◆ **The problem**
Please repeat only the lines below starting at the line that holds "Hermès Béarn 2PLIS" and ending at the line that holds "Emily 69'' x", exactly, with both of those lines included and every picture omitted.

◆ **Data in this exercise**

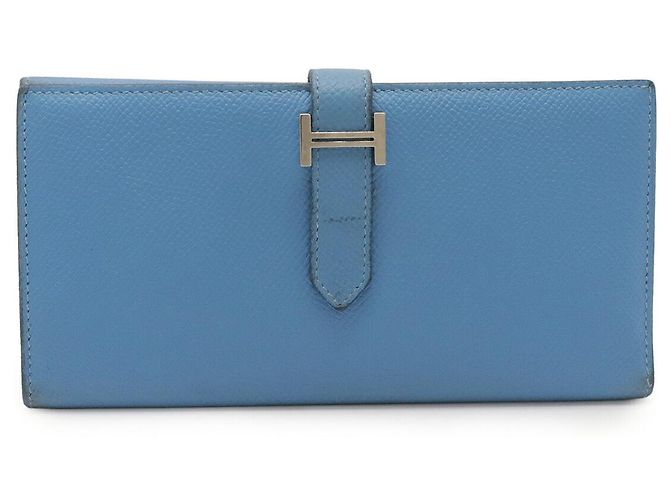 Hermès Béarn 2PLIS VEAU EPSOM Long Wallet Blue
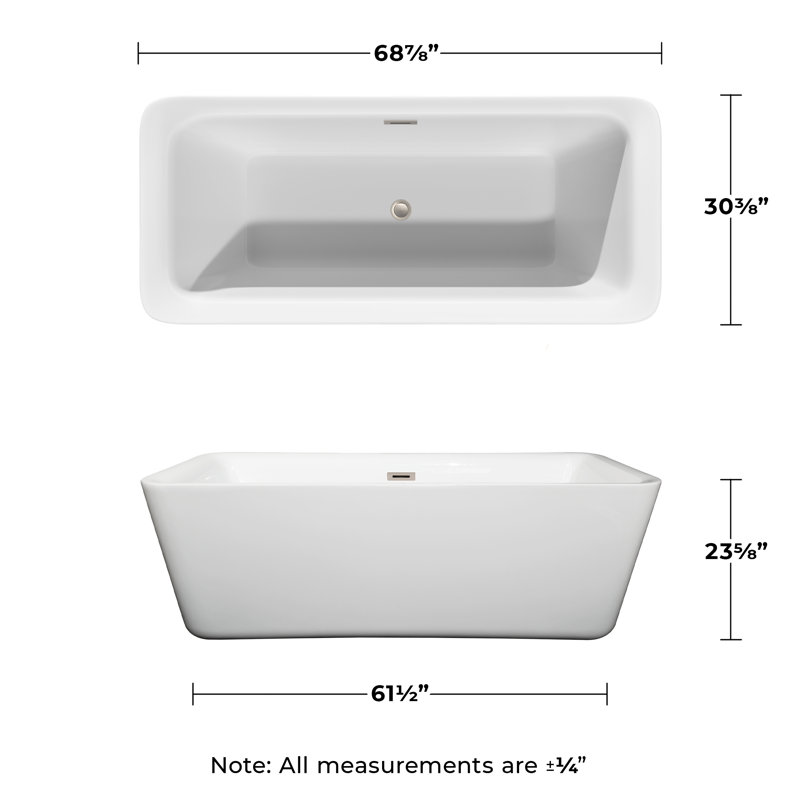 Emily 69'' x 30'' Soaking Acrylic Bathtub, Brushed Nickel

--

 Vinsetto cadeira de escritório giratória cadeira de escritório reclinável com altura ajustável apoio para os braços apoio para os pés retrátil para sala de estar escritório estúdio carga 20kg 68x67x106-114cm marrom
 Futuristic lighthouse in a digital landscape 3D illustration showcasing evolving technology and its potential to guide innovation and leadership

◆ **Result below**
 Hermès Béarn 2PLIS VEAU EPSOM Long Wallet Blue
 Emily 69'' x 30'' Soaking Acrylic Bathtub, Brushed Nickel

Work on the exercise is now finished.